Microsoft 365 (M365) Intelligent Conversation and Communications Cloud (IC3)
Intelligent Conversation and Communication Cloud (IC3) powers billions of real-time customer conversations across Microsoft’s first party (Teams, Skype), and second party (Dynamics) solutions.
IC3 enables reliable and high-quality audio / video calling, meeting, and messaging services that work every time from anywhere seamlessly across all customer touchpoints.
IC3 makes conversations on our platforms more intelligent in real-time empowering best-in-class productivity tools for the modern workplace where every call, meeting, or chat will make the next one better.
About the Team
We are the team which powers all the messaging scenarios across IC3. We develop one of the largest scale, business critical services in Microsoft.
Our services run in every region and we process hundreds of millions of active users and billions of messages a day. The Micro Service we build must be highly scalable, highly available and extremely performant in geo-redundant multi tenant systems and honor obligations for data sovereignty, privacy, security and compliance.

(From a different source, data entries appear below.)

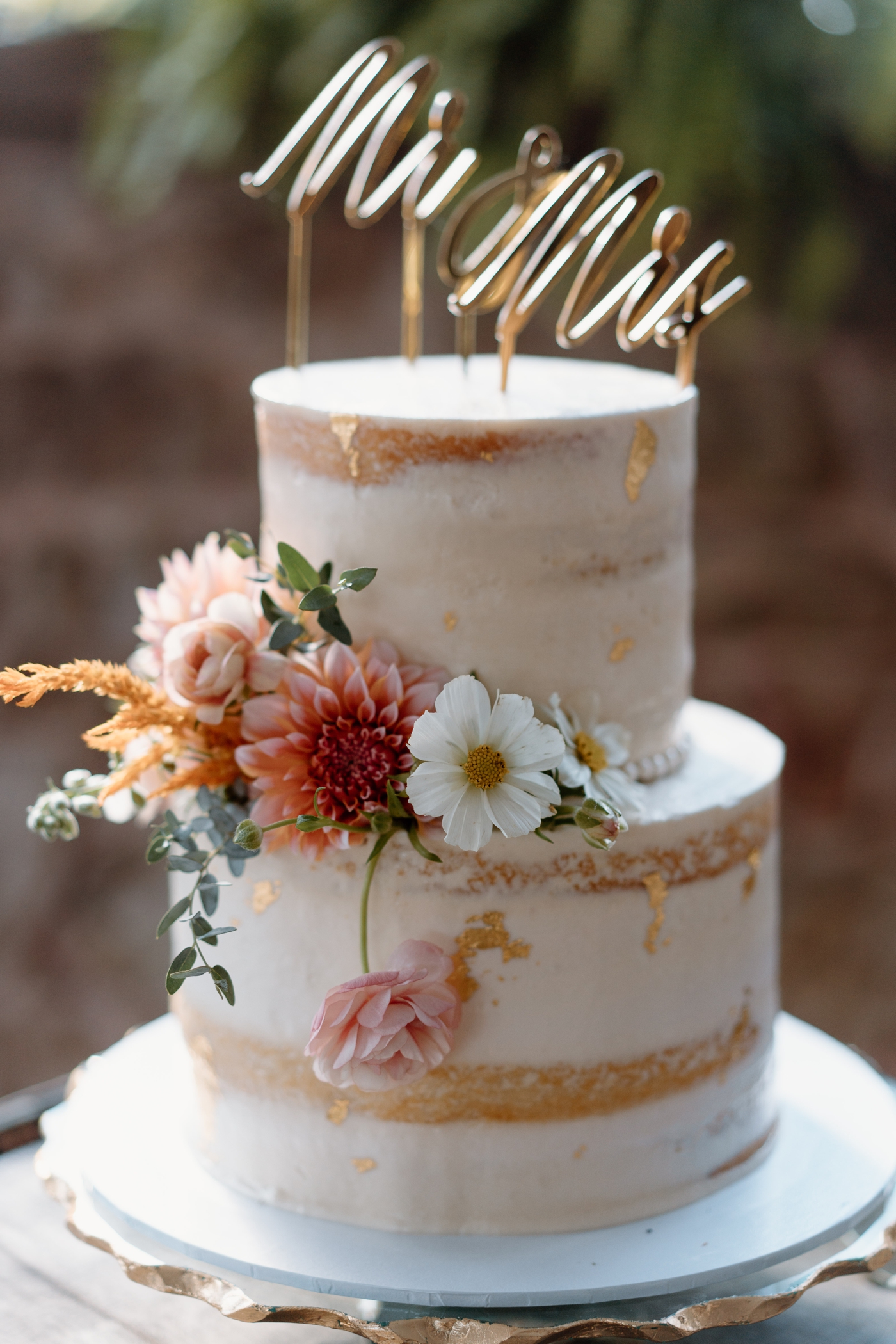 Naked wedding cake decorated with gold leaf and wildflowers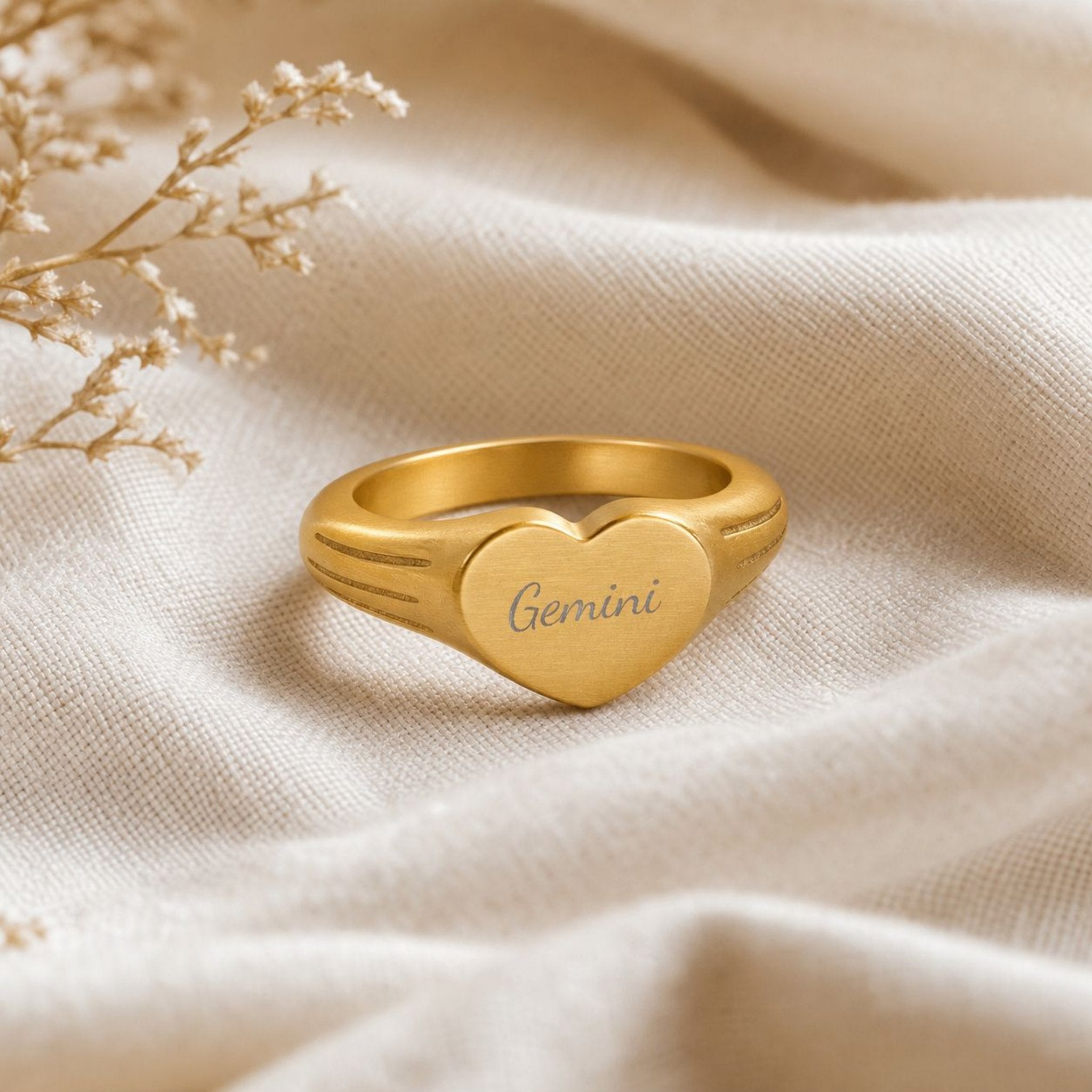 Gemini zodiac heart signet ring linen flatlay — engraved Gemini heart ring on rumpled cream linen with dried floral, editorial styling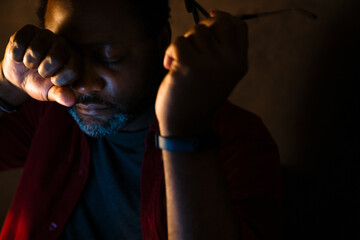 Obraz premium Black tired man holding eyeglasses while rubbing his eye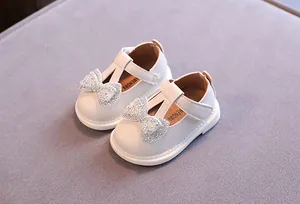Detailansicht der weißen Baby-Prinzessin-Schuhe mit funkelnder Strass-Schleife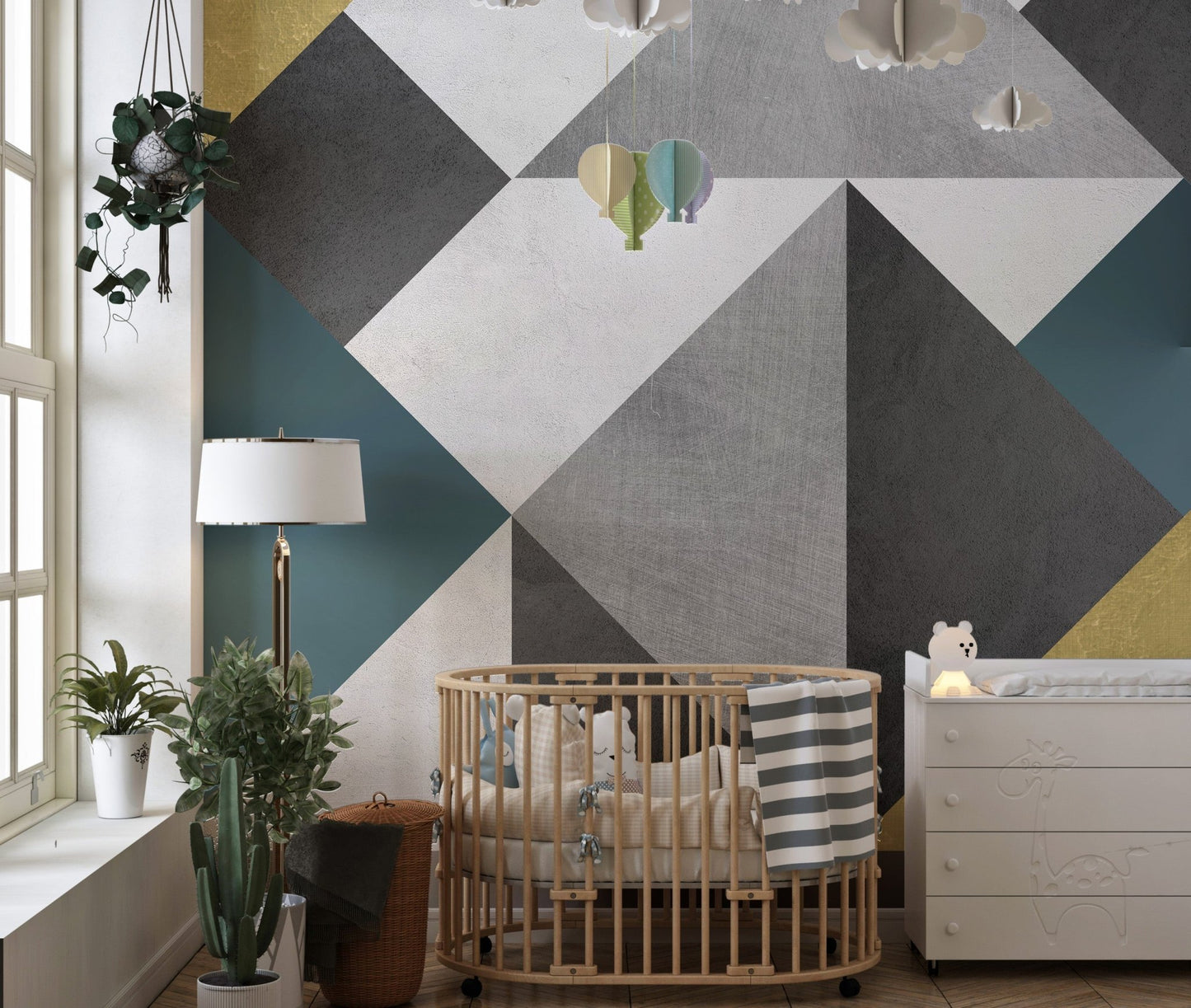 Modern triangle wall mural in a nursery with a wooden cot.
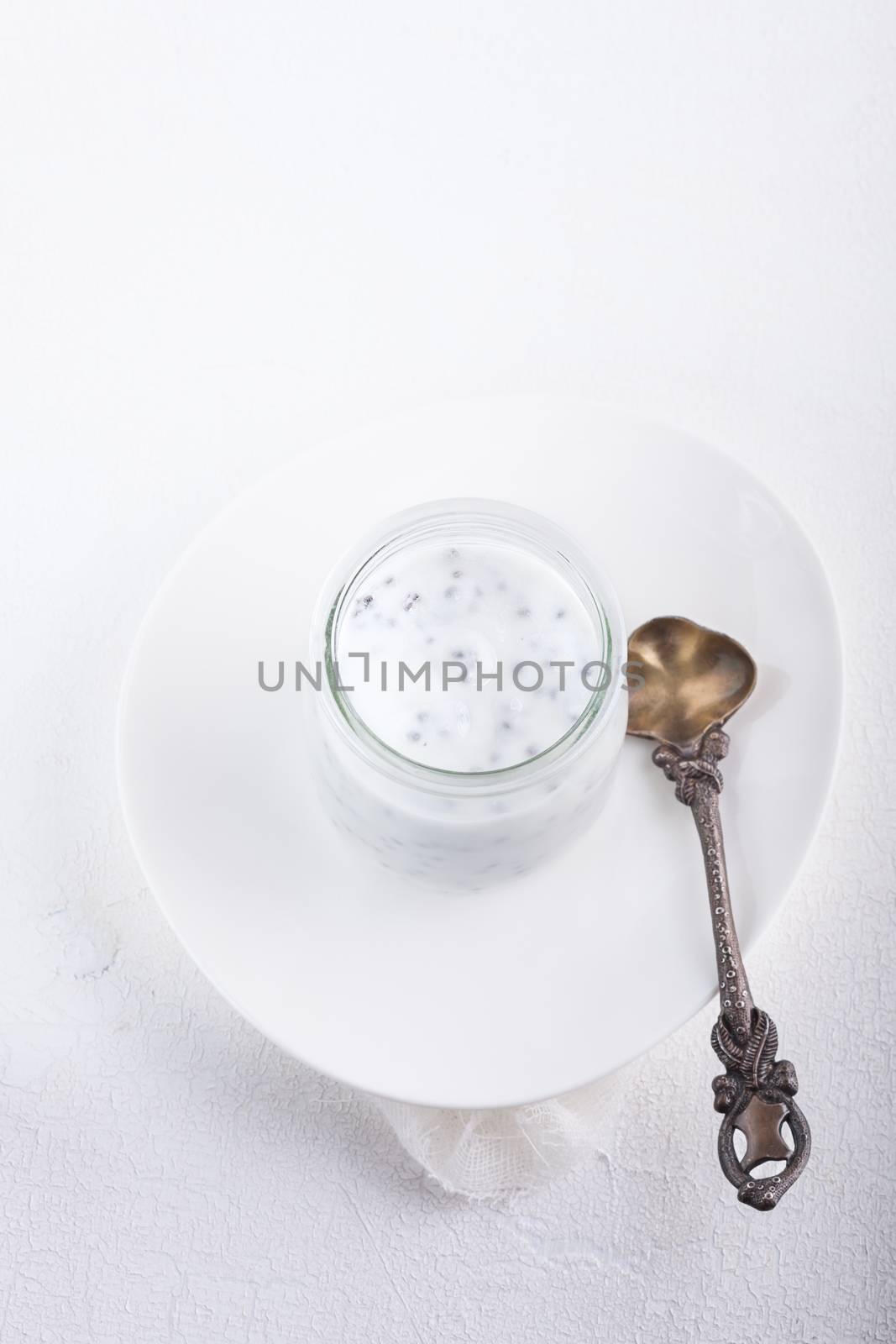 Yogurt with chia seeds on a white background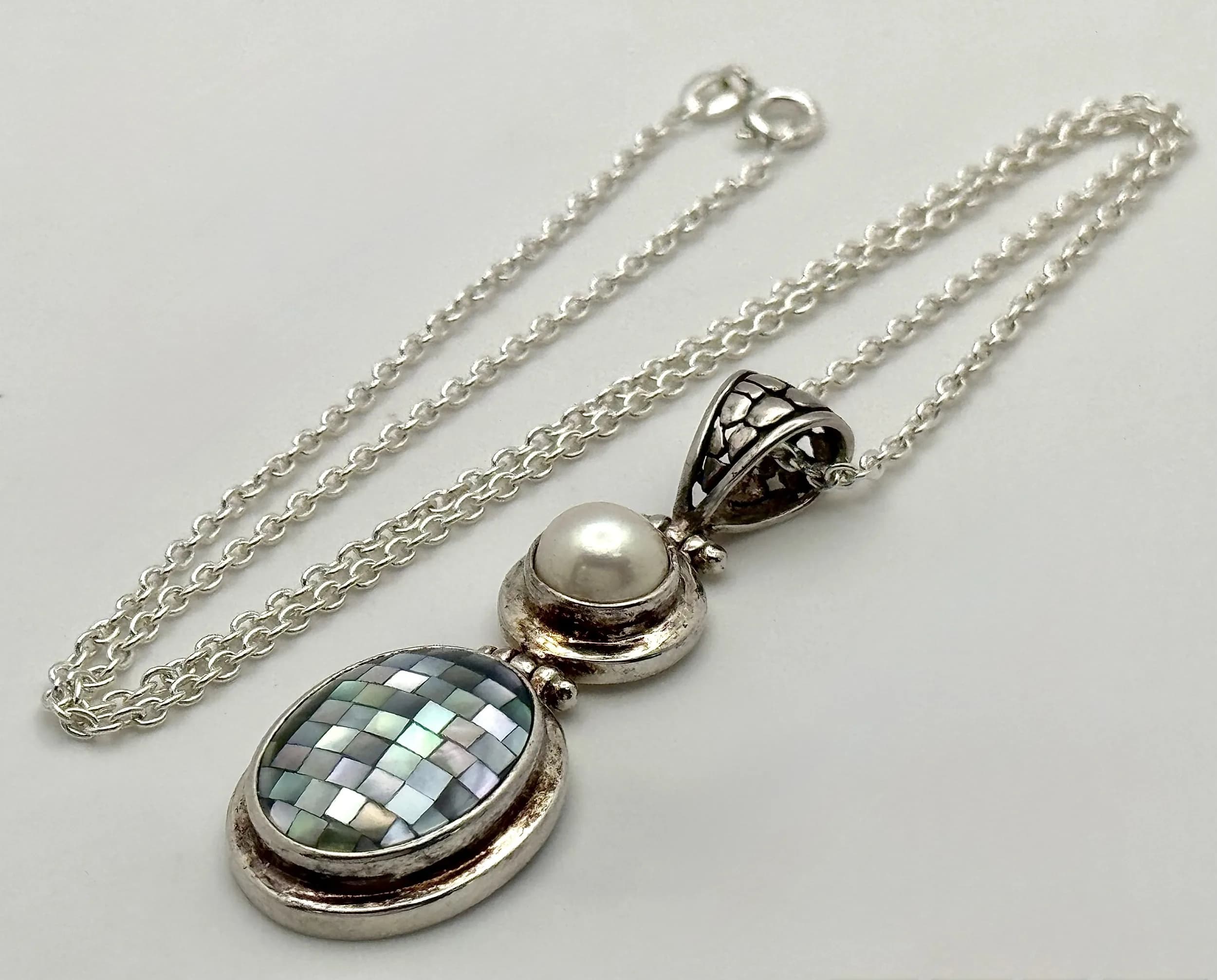 A 925 Silver Pearl and Mother of Pearl Mosaic Pendant Necklace. 5.5cm length pendant, 46.5cm length anchor link chain. 13.06g total weight.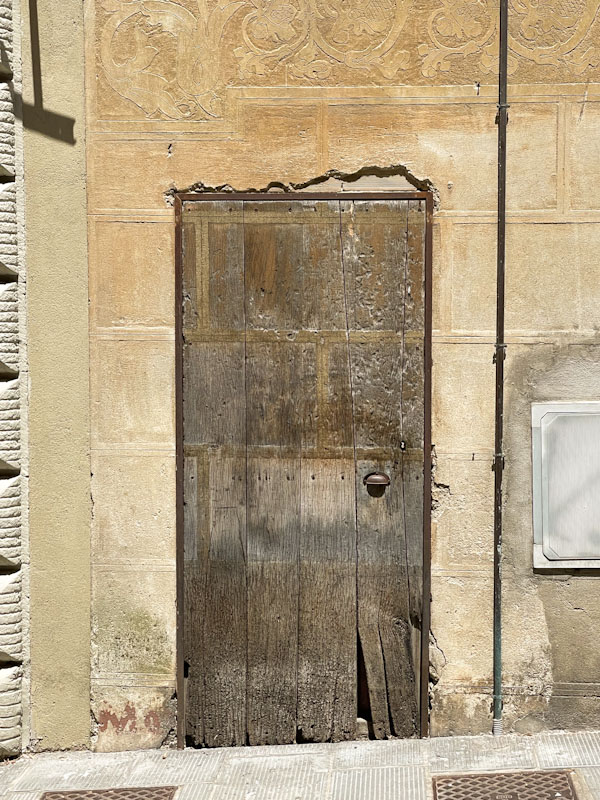 A well-used door and patterned render, Todi, Umbria, Italy, July 2023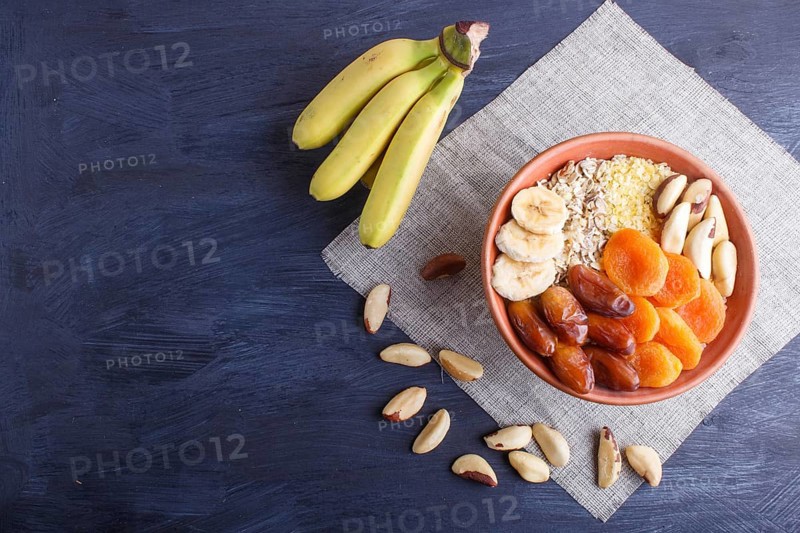 A plate with muesli, banana, dried apricots, dates, Brazil nuts on a black wooden background. top view. copy space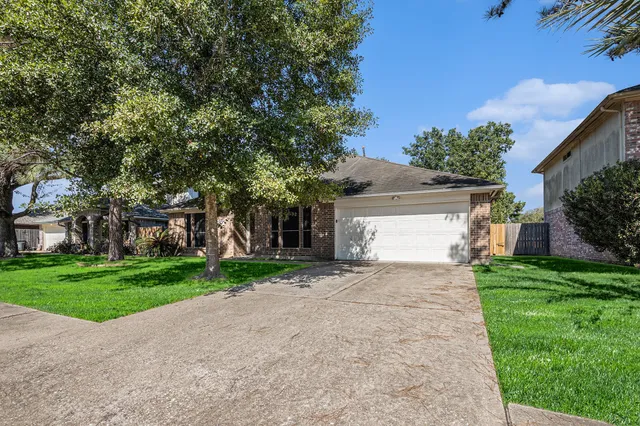 a view of a house with a yard and tree s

Site Reliability Engineer IC3 Messaging Services
We are looking for a passionate Site Reliability Engineers to join our team that manages the planet scale infrastructure for Messaging Services.
In this role, you 'll be responsible for building tools to automate and streamline our processes, managing and improving deployment and live site infrastructure across a portfolio of messaging services.
You will have an opportunity to work with a highly collaborative and fun team in a fast learning environment.
Key responsibilities :
Design, write and deliver software to optimize all aspects of deployments (Resources / Applications) infrastructure-as-code’.
Optimize service release by improving Azure DevOps release pipelines.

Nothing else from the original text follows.